The dose indicator most used for patients in interventional techniques is the dose-area product, which is defined as the integral of kerma in air over the radiation field and expressed in units of dose per area, generally in Gy·cm2. Since 2010, as part of the DOCCACI program, anonymous data have been collected that include the type of procedure, dose-area product, fluoroscopy time, number of sequences, and the total number of cine images acquired. Some of the centers with automatic data collection systems via DICOM connections with the devices have acquired a large amount of data without noting the complexity of the cases. The centers that have manually compiled the data and provided the smallest samples selected the cases with normal complexity.
The reference values were calculated for dose-area product, fluoroscopy time, number of sequences, and the total number of cine images acquired as the third quartile of the medians of the distributions in each center.

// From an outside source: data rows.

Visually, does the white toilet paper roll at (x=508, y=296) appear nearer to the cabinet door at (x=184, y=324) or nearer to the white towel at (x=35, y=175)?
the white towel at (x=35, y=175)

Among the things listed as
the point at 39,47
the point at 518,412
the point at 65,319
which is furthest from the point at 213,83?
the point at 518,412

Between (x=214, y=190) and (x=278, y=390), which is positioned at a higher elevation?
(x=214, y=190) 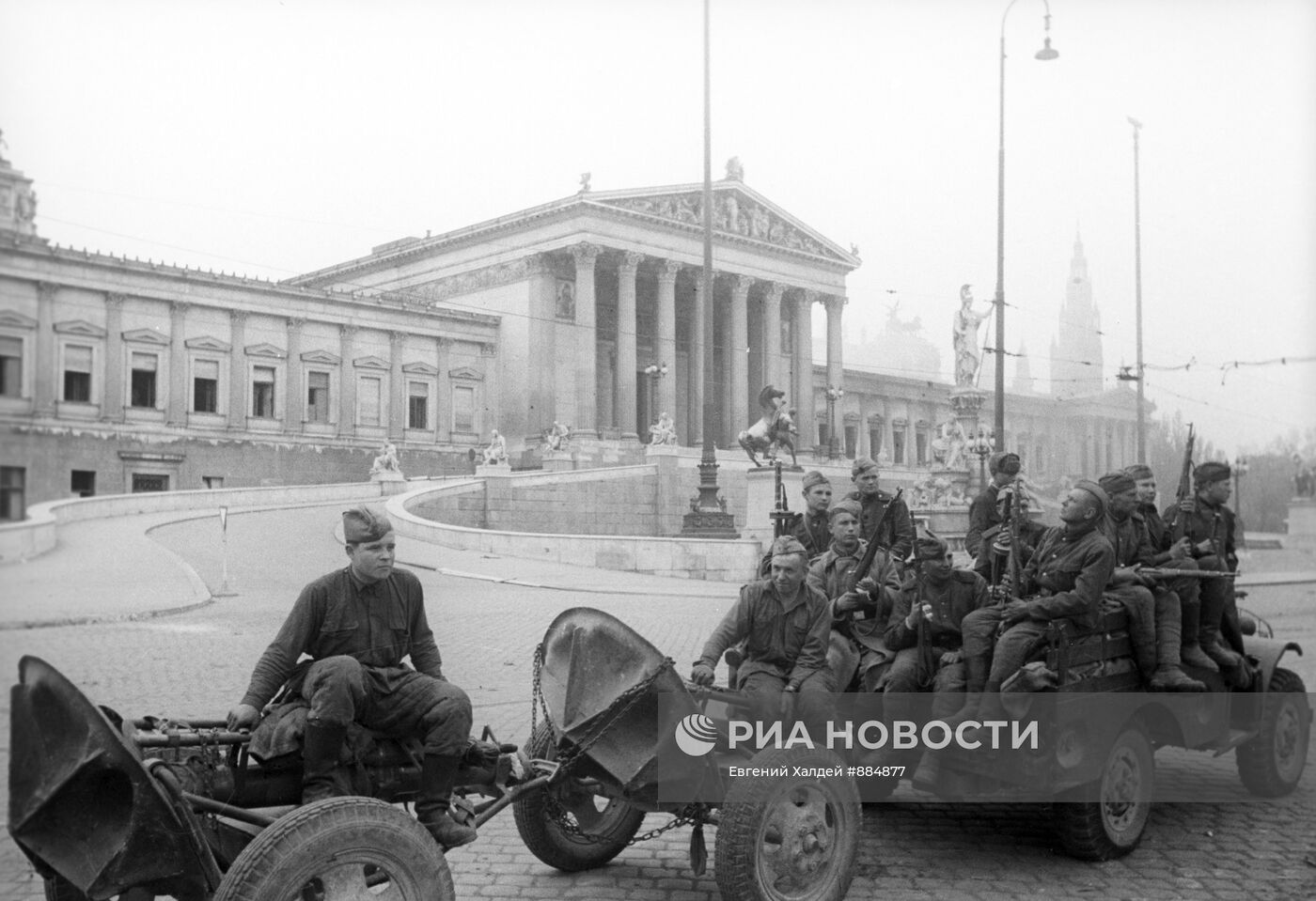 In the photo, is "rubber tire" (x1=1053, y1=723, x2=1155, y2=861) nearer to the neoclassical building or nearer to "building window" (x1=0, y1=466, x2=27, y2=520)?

Using this methodology, all centers had the same statistical weight in the calculation of the reference values.
Information was collected for 2802 CA and 3576 PTCA procedures. The Table shows the medians of the dose-area product, fluoroscopy time, number of series, and number of cine images for each center. The last row presents the provisional reference values.
Most Representative Statistical Values of Dose Received by Patients in Participating Centers
Center | Cases | Median DAP, Gy·cm2 | Median Ft, min | Median N series | Median N images |
Coronary angiography | |||||
10 | 1673 | 31 | 7.1 | 11 | 805 |
20 | 128 | 30 | 7.2 | 9 | 787 |
30 | 83 | 23 | 6.1 | 9 | 559 |
40 | 21 | 24 | — | — | — |
50 | 704 | 28 | 6.3 | 9 | 726 |
70 | 17 | 33 | 4.5 | 7.5 | — |
100 | 492 | 26 | 3.9 | 8 | 467 |
Provisional reference values | 32 | 6.7 | 9 | 800 | |
Percutaneous transluminal coronary angioplasty | |||||
10 | 2766 | 67 | 15 | 19 | 1229 |
20 | 88 | 67 | 17 | 22 | 1345 |
30 | 90 | 62 | 13 | 24 | 1095 |
40 | 15 | 42 | — | — | — |
50 | 424 | 53 | 13 | 20 | 1284 |
70 | 21 | 60 | 13 | 17 | — |
100 | 225 | 56 | 10 | 14 | 668 |
Provisional reference values | 67 | 16 | 21 | 1300 |
DAP, dose-area product; Ft, fluoroscopy time.
The provisional reference values obtained by this working group are lower than those published in 2008 by the group coordinated by the International Atomic Energy Agency,4 which gave reference values of 50 and 125Gy·cm2 for CA and PTCA, respectively, compared to 32 and 67Gy·cm2 in this study. Other variables were also lower in the Spanish program, such as fluoroscopy time (6.7 vs 9.0min in CA and 16 vs 22min in PTCA) or the number of images (800 vs 1000 for CA and 1300 vs 1700 for PTCA). Although the advances in imaging devices technology in the last 10 years could have some impact on the decreases in dose, this has not been observed in published studies. The decreases could be explained by more effective optimization programs and dose recording. Looking at the Table, it can be seen that there are large differences between centers for some of the variables studied, both in the case of CA and PTCA procedures. This suggests that there is still room for optimization.
Follow-up of these aspects of radiologic protection should continue to verify the sustainability of the reference values and ensure that changes in technology are not associated with an increase in the dose that patients receive unless there is a clear clinical benefit. The Catheterization Working Group is committed to continue with this program.
FUNDINGThis study was financed partially by the SAF2009-10485 project of the Ministry of Economy and Competition and the EVC.F01CSN project of the Nuclear Safety Council.
Note
An independent ethics committee approved this study under the title “Radiological risks in fluoroscopy-guided procedures” (B-09/20). These results have been accepted in part for publication as a brief communication in the abstracts book of the International Conference on Radiation Protection in Medicine, sponsored by the International Atomic Energy Agency and the World Health Organization, held in Bonn, Germany, in December 2012.